**What is expected:**
Word for word, please restate each record and pass over the pictures.

[Data extracted from a collection]
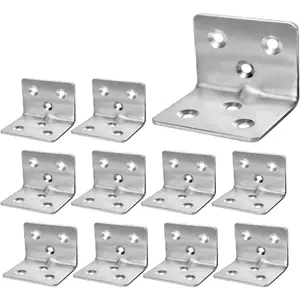 40Pcs Stainless Corner, 1.2" x 1.2" x 1.5" Small Corner Bracket for Wood Furniture, Sliver 90 Degree L Brackets, Joint Angle Bracket Shelf for Table Chair Cabinets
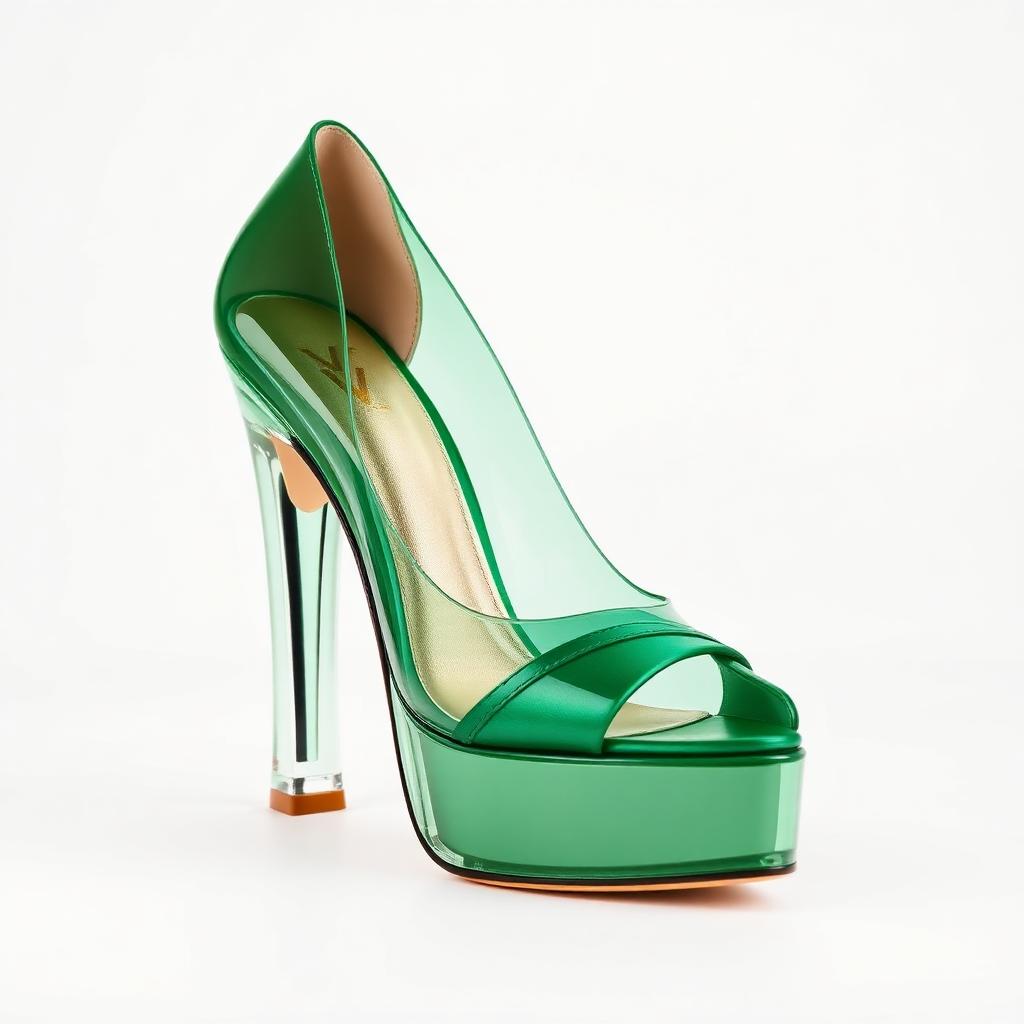 VVXHQ footwear Jade Empire Clear Pump in Jade Empire, Translucent platform pump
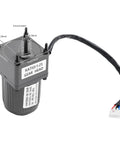 AC gear motor with 1:25 gear head, gray metal housing, 15W 110V single-phase, wiring harness with white plug.
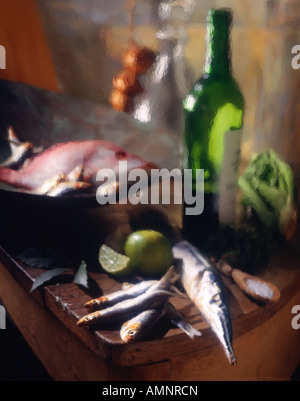 Red snapper herrings with a bottle of wine in a kitchen setting with paint effect Stock Photo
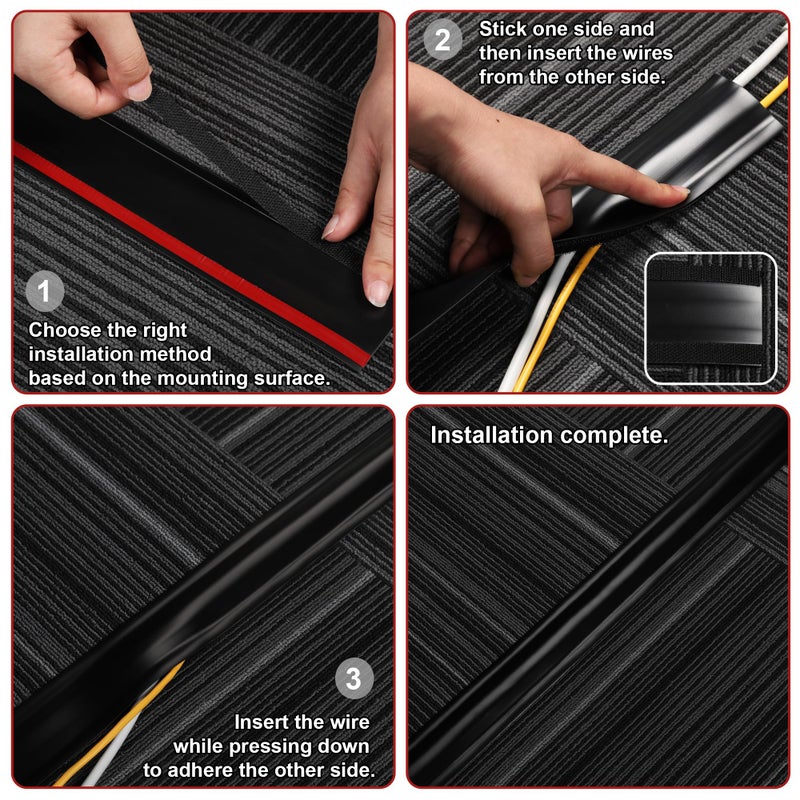 ZhiYo 8.2Ft Cord Cover Floor, PVC Cord Covers for Wires on Floor, Soft Floor Cable Cover Cord Hider, Floor Cable Management Cable Protector for Commercial Office Carpet/Floors/Wall Black - Image 4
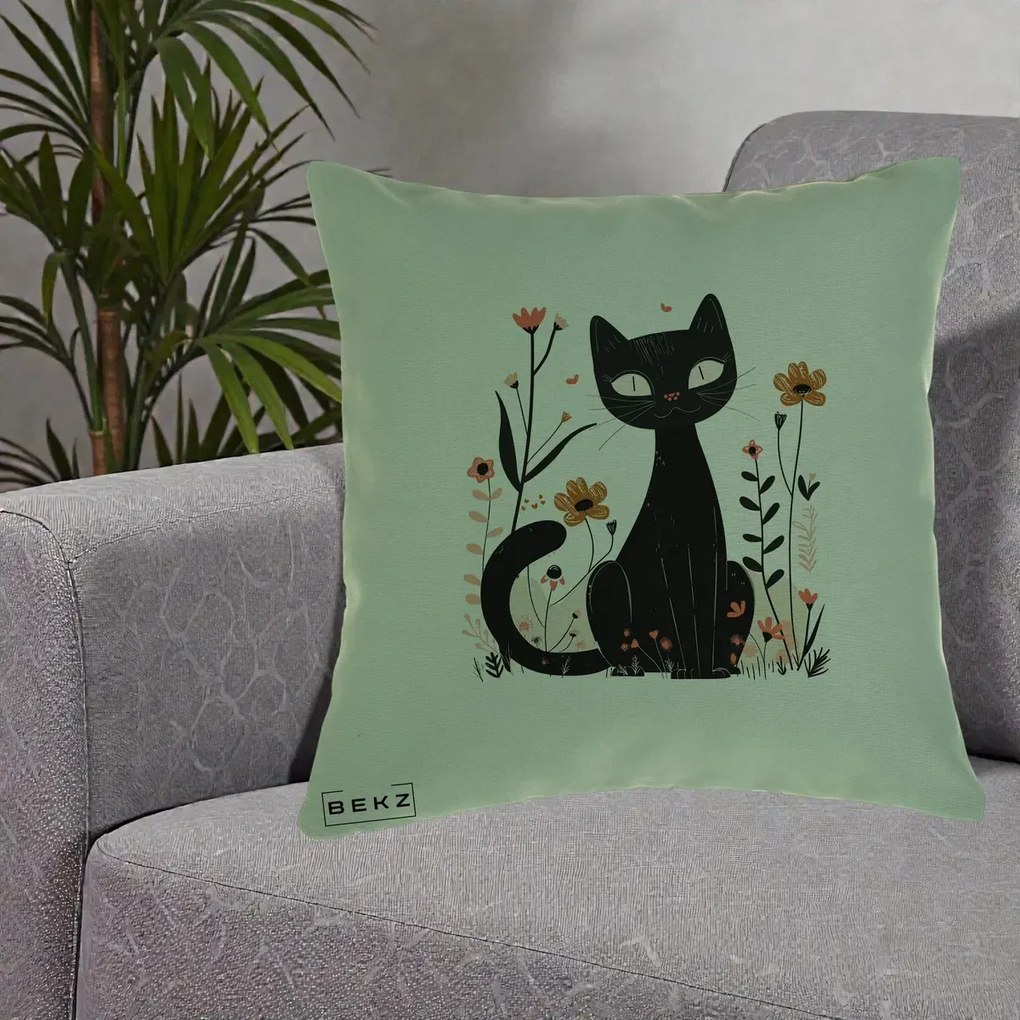 Perna Decorativa Pisica Neagra Flori Pastel Folk, 40x40 cm, Verde, Husa Detasabila, Perna Inclusa, BEKZ®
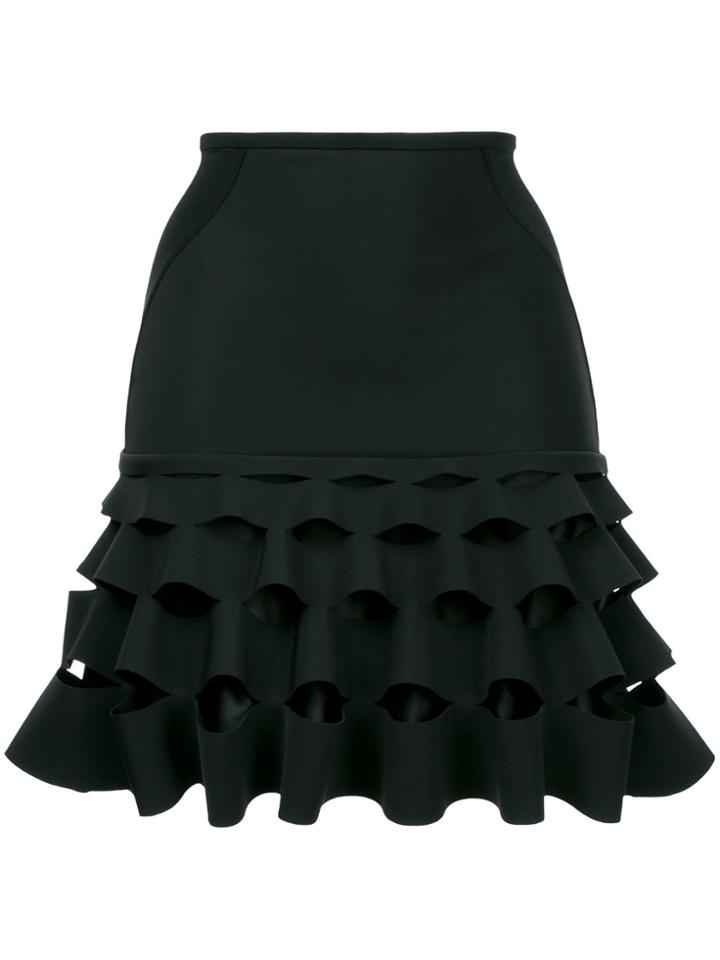 Dion Lee Slash Ruffle Mini Skirt - Black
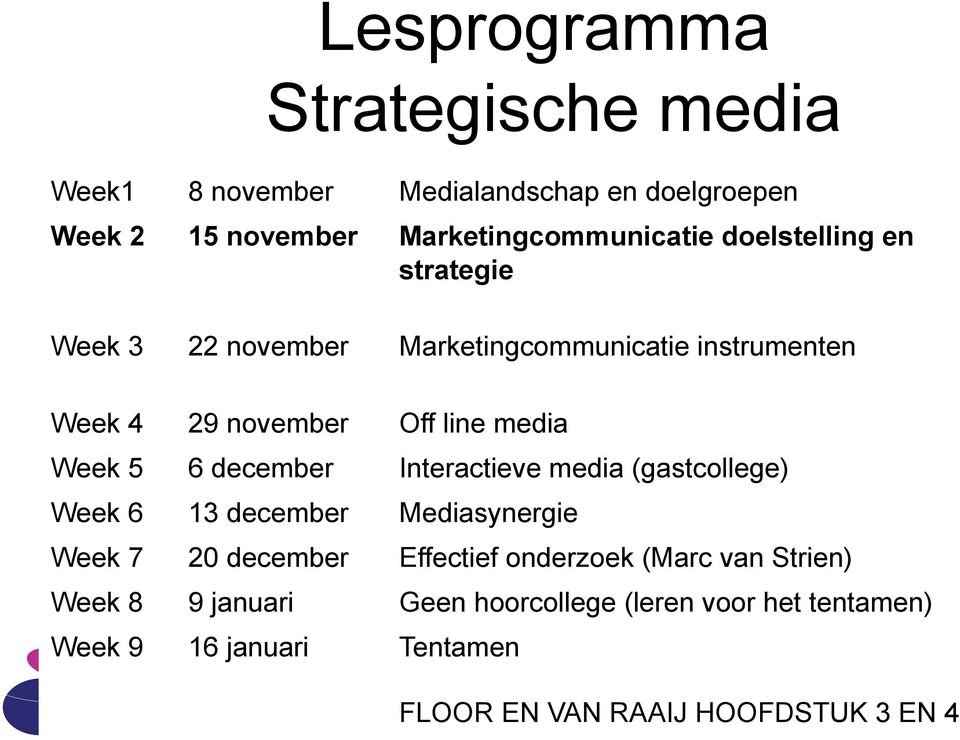 december Interactieve media (gastcollege) Week 6 13 december Mediasynergie Week 7 20 december Effectief onderzoek (Marc van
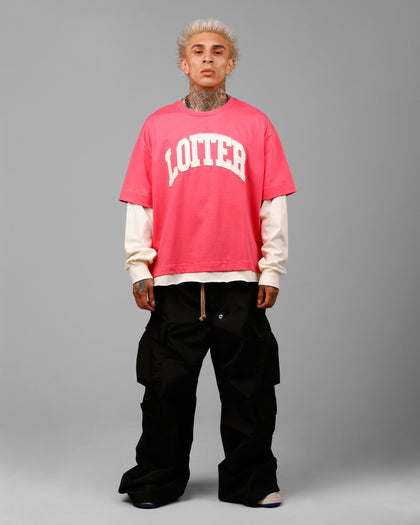 Loiter Impact Long Sleeve T-Shirt Washed Pink/White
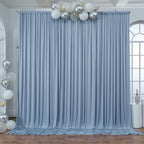 30ft x 10ft Wrinkle Free Dusty Blue Backdrop Curtain for Parties, 6 Panels 5x10ft Silky Polyester Backdrop, alternate view 5
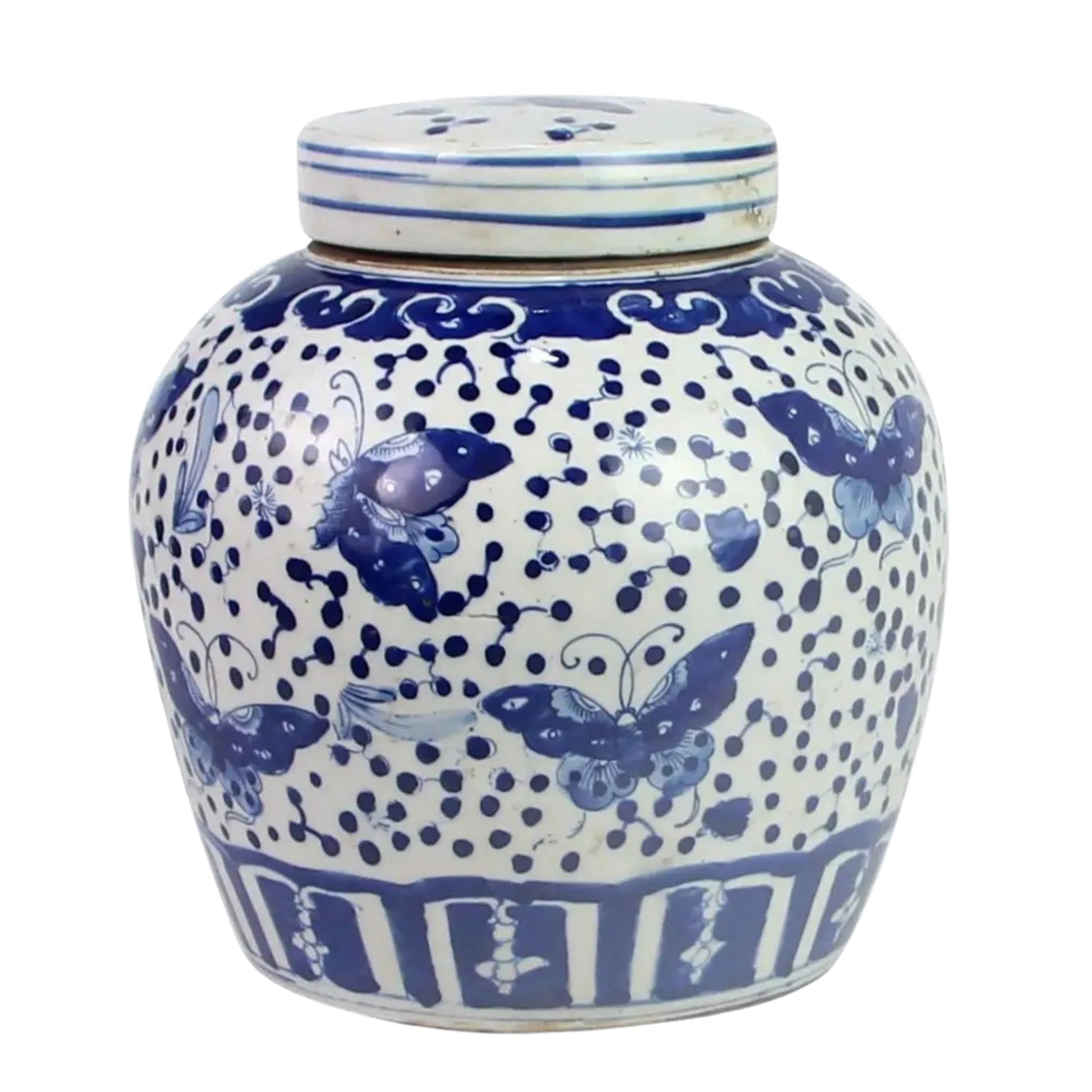 Butterfly & Dots Ginger Jar Vases, Planters & Jars 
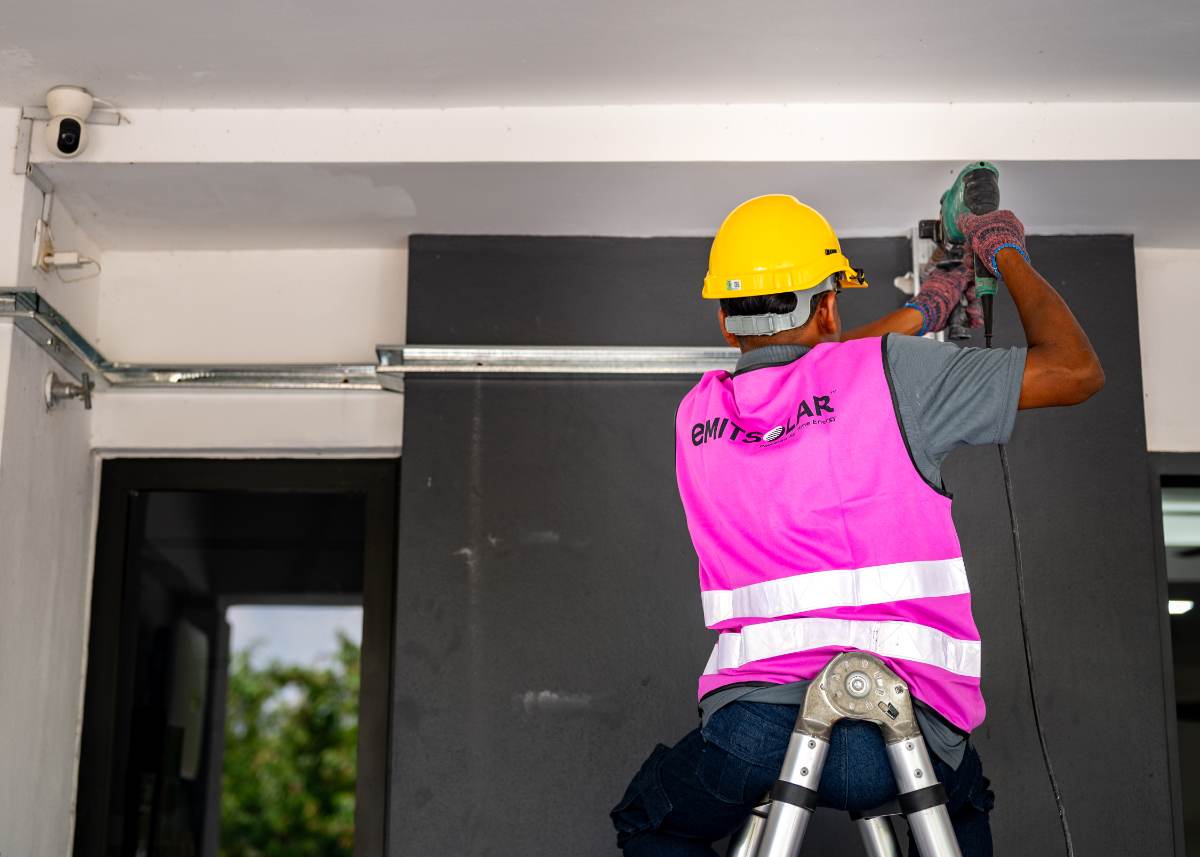 Cable tray fixed at the soffit on a completed installation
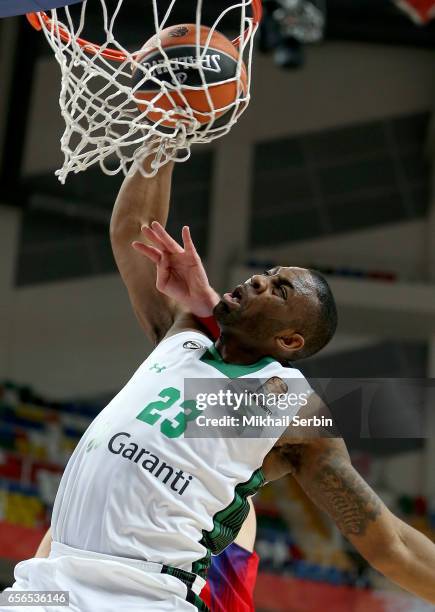 James Anderson, #23 of Darussafaka Dogus Istanbul in action during the 2016/2017 Turkish Airlines EuroLeague Regular Season Round 27 game between...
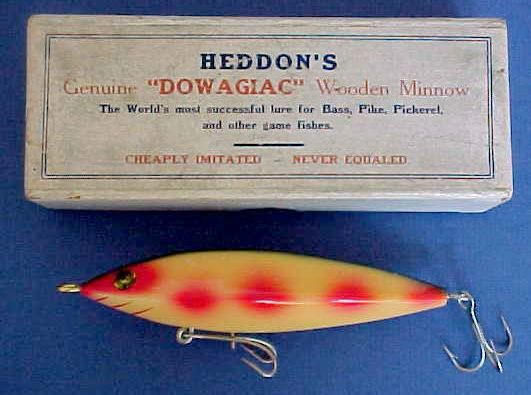 Heddon Fishing Lure Dowagiac Minnow Red x Yellow 1-Hook wood Vintage From  Japan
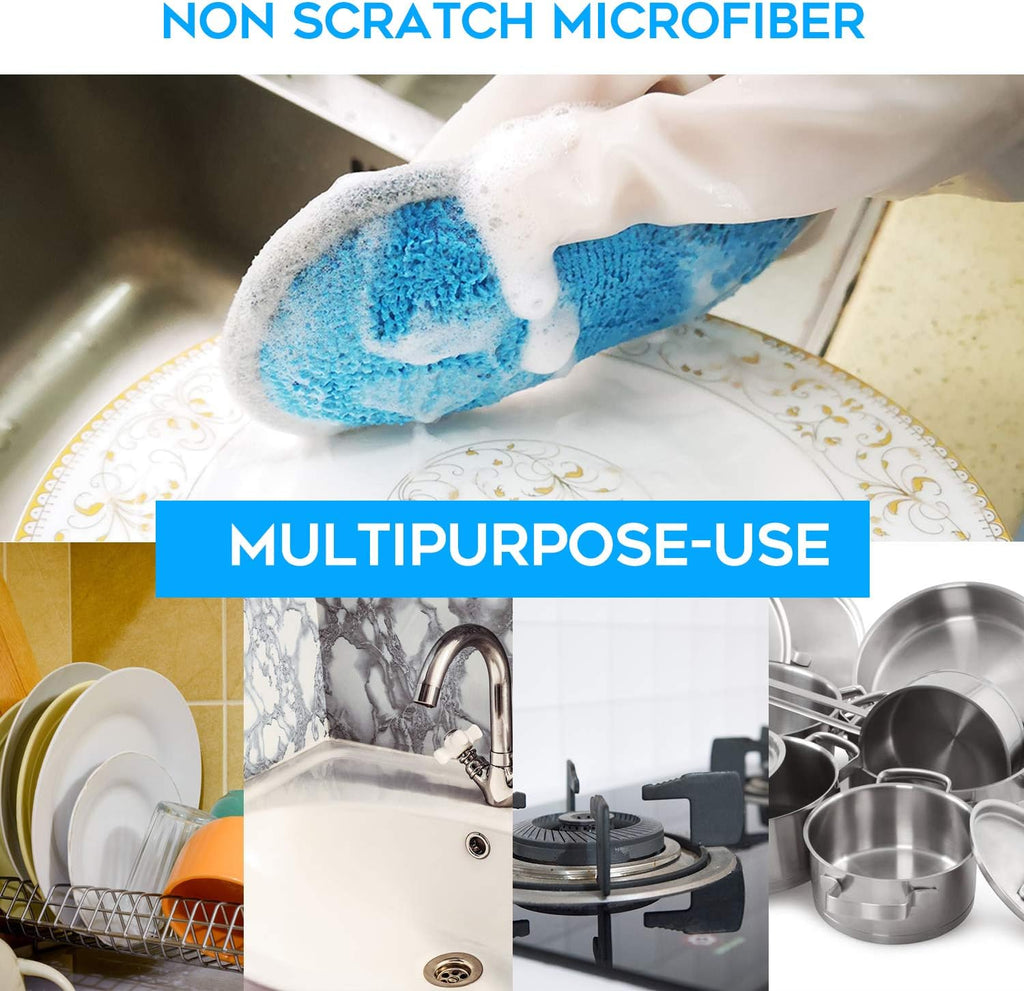 Skiennix Dual-Sided All-Purpose Kitchen Sponges - Non-Scratch Microfiber Dish Cleaning Set (Blue, 6 Pack)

**Response:**
 40Pcs Stainless Corner, 1.2" x 1.2" x 1.5" Small Corner Bracket for Wood Furniture, Sliver 90 Degree L Brackets, Joint Angle Bracket Shelf for Table Chair Cabinets
 VVXHQ footwear Jade Empire Clear Pump in Jade Empire, Translucent platform pump
 AC gear motor with 1:25 gear head, gray metal housing, 15W 110V single-phase, wiring harness with white plug.
 Red snapper herrings with a bottle of wine in a kitchen setting with paint effect Stock Photo
 ZhiYo 8.2Ft Cord Cover Floor, PVC Cord Covers for Wires on Floor, Soft Floor Cable Cover Cord Hider, Floor Cable Management Cable Protector for Commercial Office Carpet/Floors/Wall Black - Image 4
 Perna Decorativa Pisica Neagra Flori Pastel Folk, 40x40 cm, Verde, Husa Detasabila, Perna Inclusa, BEKZ®
 Dion Lee Slash Ruffle Mini Skirt - Black
 december Interactieve media (gastcollege) Week 6 13 december Mediasynergie Week 7 20 december Effectief onderzoek (Marc van
 Loiter Impact Long Sleeve T-Shirt Washed Pink/White
 30ft x 10ft Wrinkle Free Dusty Blue Backdrop Curtain for Parties, 6 Panels 5x10ft Silky Polyester Backdrop, alternate view 5
 Butterfly & Dots Ginger Jar Vases, Planters & Jars 
 Cable tray fixed at the soffit on a completed installation
 James Anderson, #23 of Darussafaka Dogus Istanbul in action during the 2016/2017 Turkish Airlines EuroLeague Regular Season Round 27 game between...
 Heddon Fishing Lure Dowagiac Minnow Red x Yellow 1-Hook wood Vintage From  Japan
 Skiennix Dual-Sided All-Purpose Kitchen Sponges - Non-Scratch Microfiber Dish Cleaning Set (Blue, 6 Pack)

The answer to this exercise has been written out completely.